> **Task inputs**:

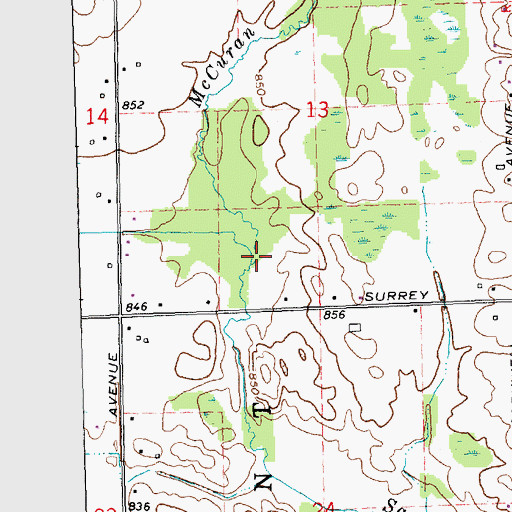Topographic Map of McCuran Creek, MI
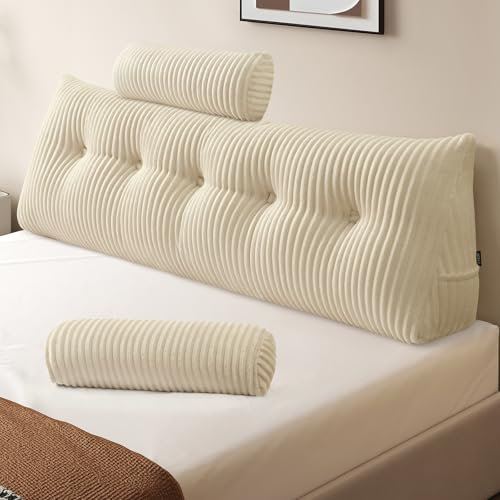 Z-hom Bücherkissen, Keilkissen, Lesekissen Für Bett Und Sofa, Cozy Rückenkissen, Praktisches Seitenfach, Removable Cover, Mit Rundem Kopfkissen (Cream, 150 * 50 * 20cm)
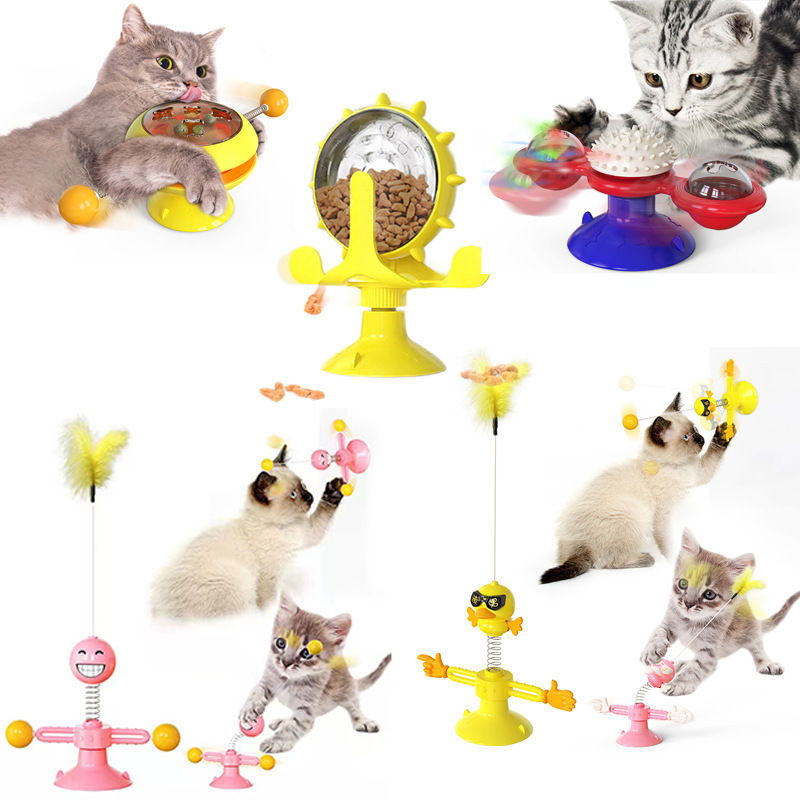 2024 pre-sale Cat Windmill Toys Scrubs Hair Scratcher Light Up Rotating Scratching Spring Cat Carousel Toy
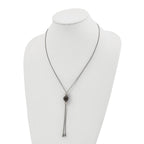 Chisel Stainless Steel Polished Black IP-plated Bead Tassel Adjustable to 26 inch Snake Chain Necklace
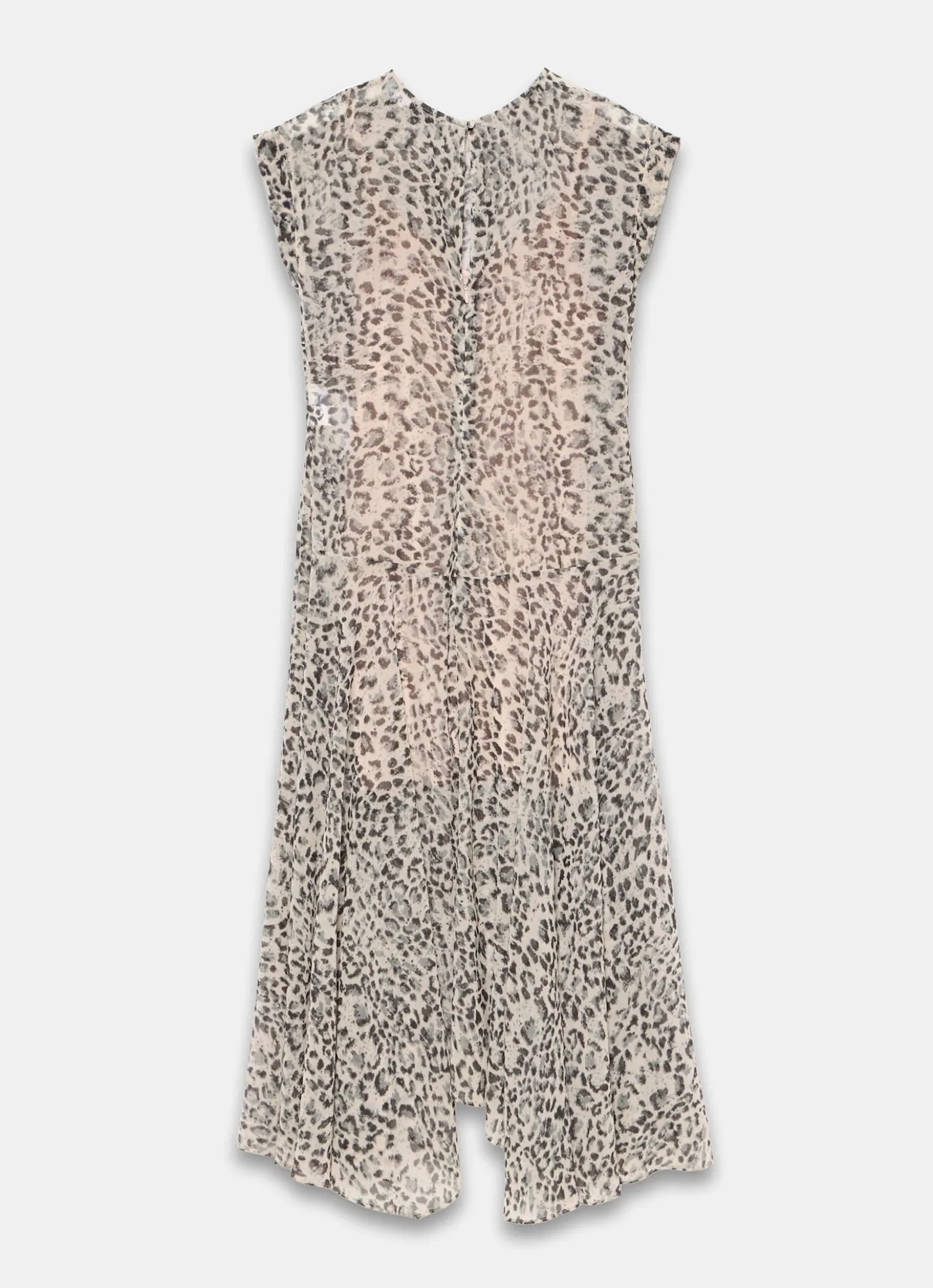 Leopard Print Cap Sleeve Midi Dress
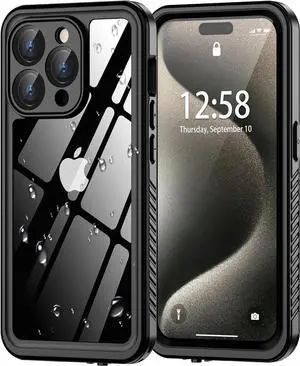 for iPhone 15 Pro Case Waterproof, Shockproof [IP68 Waterproof] [Built-in Screen & Lens Protector] [Dustproof][Real 360°] Full Body Heavy Duty Rugged Protective Case For iPhone 15 Pro 6.1 inch Black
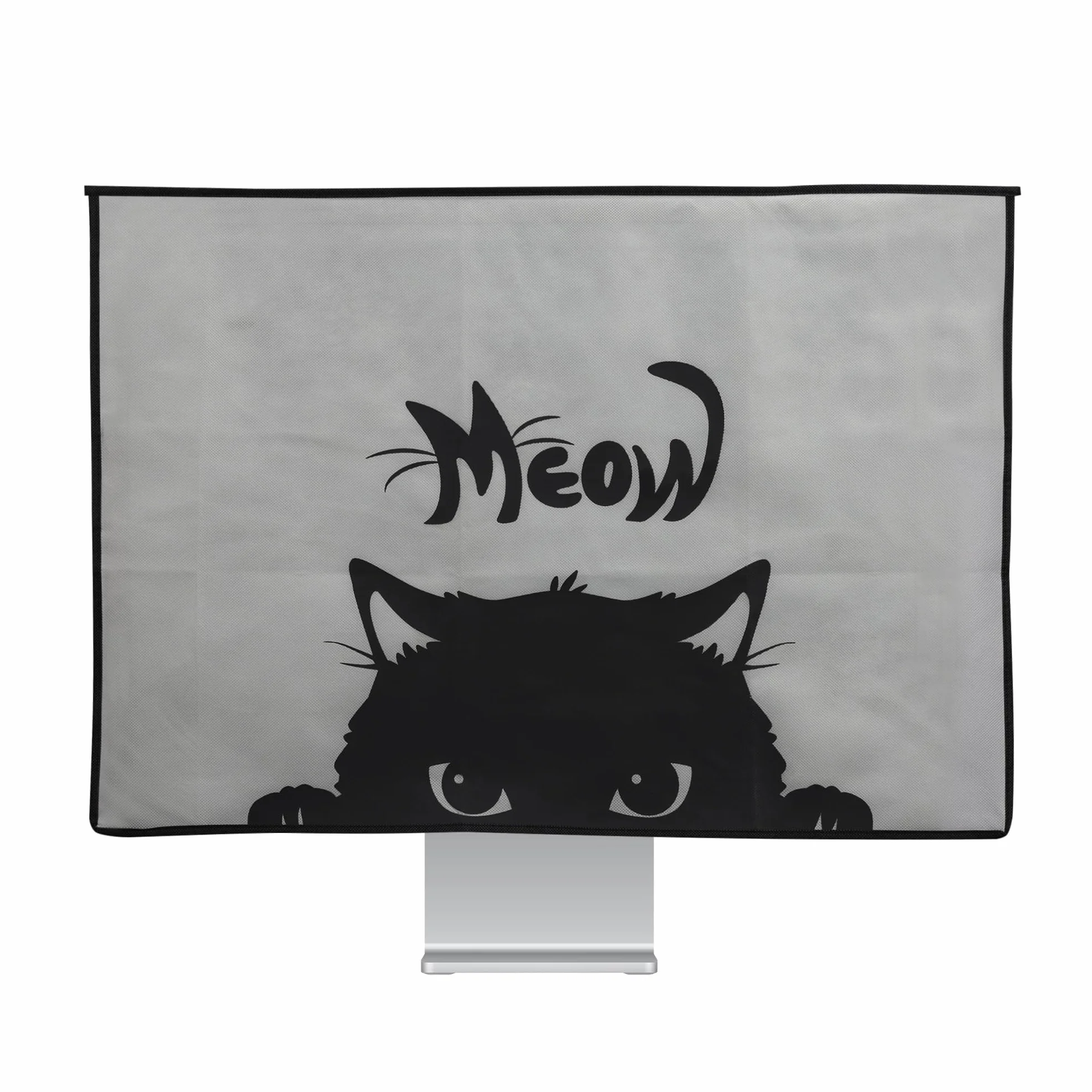 kwmobile Cover compatibile con 27-28" monitor - Fodero per Monitor - Copertura Antipolvere Schermo PC con 2 Tasche Extra - grigio/nero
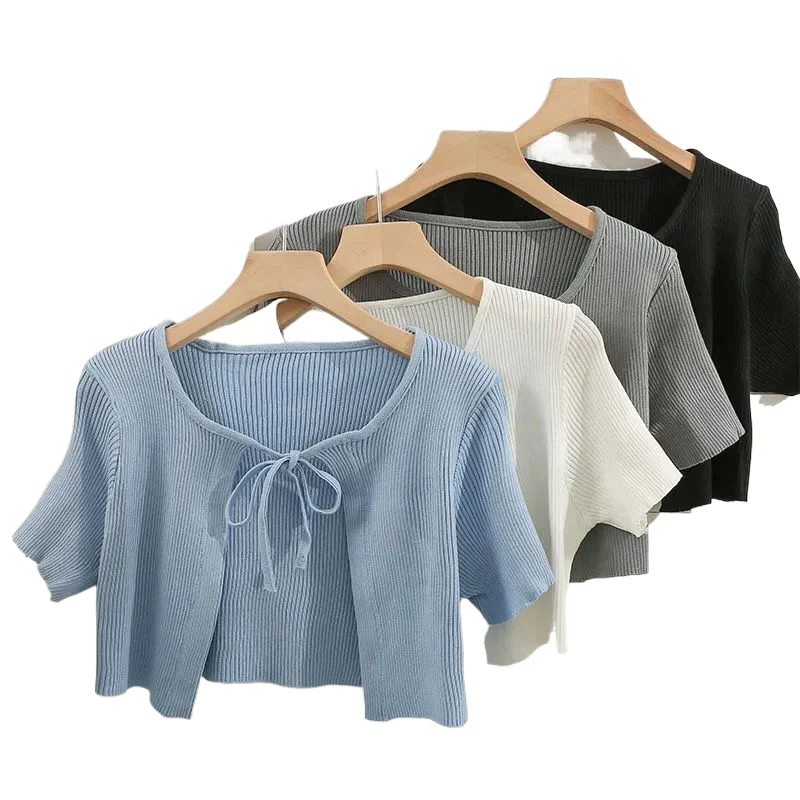

French Lace Up Bow Crop Top Women's New Versatile Thin Short Sleeved Knitted Shirt For Summer Simple Solid Cardigan Sweater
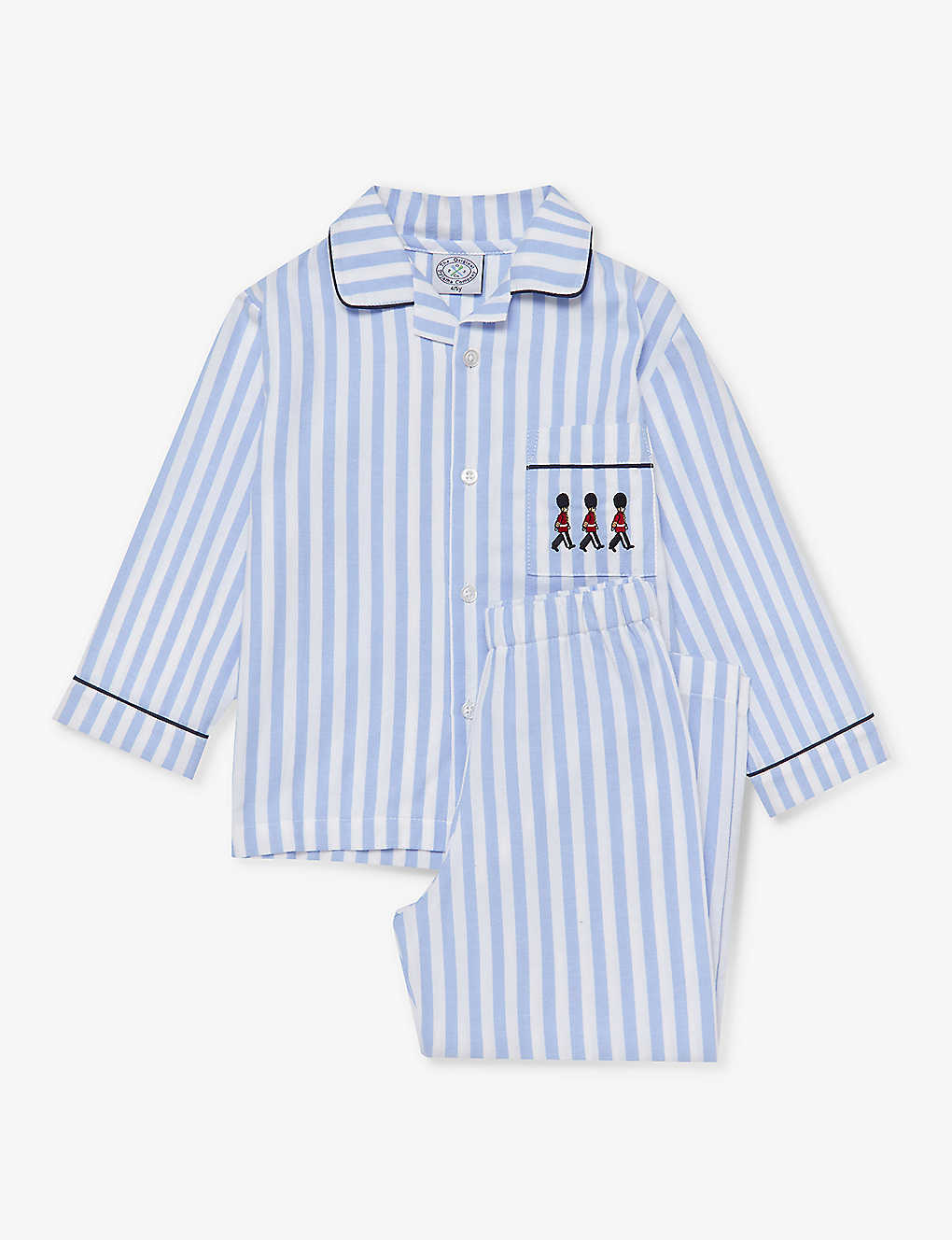 Trotters Kids' Felix Striped Cotton Pyjamas 1-11 Years In Blue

> **Work instruction**: A word-for-word copy of the data, without its pictures, is what is needed.

> **Finished exercise**:
Topographic Map of McCuran Creek, MI
 Z-hom Bücherkissen, Keilkissen, Lesekissen Für Bett Und Sofa, Cozy Rückenkissen, Praktisches Seitenfach, Removable Cover, Mit Rundem Kopfkissen (Cream, 150 * 50 * 20cm)
 2024 pre-sale Cat Windmill Toys Scrubs Hair Scratcher Light Up Rotating Scratching Spring Cat Carousel Toy
 Chisel Stainless Steel Polished Black IP-plated Bead Tassel Adjustable to 26 inch Snake Chain Necklace
 Leopard Print Cap Sleeve Midi Dress
 for iPhone 15 Pro Case Waterproof, Shockproof [IP68 Waterproof] [Built-in Screen & Lens Protector] [Dustproof][Real 360°] Full Body Heavy Duty Rugged Protective Case For iPhone 15 Pro 6.1 inch Black
 kwmobile Cover compatibile con 27-28" monitor - Fodero per Monitor - Copertura Antipolvere Schermo PC con 2 Tasche Extra - grigio/nero

French Lace Up Bow Crop Top Women's New Versatile Thin Short Sleeved Knitted Shirt For Summer Simple Solid Cardigan Sweater
 Trotters Kids' Felix Striped Cotton Pyjamas 1-11 Years In Blue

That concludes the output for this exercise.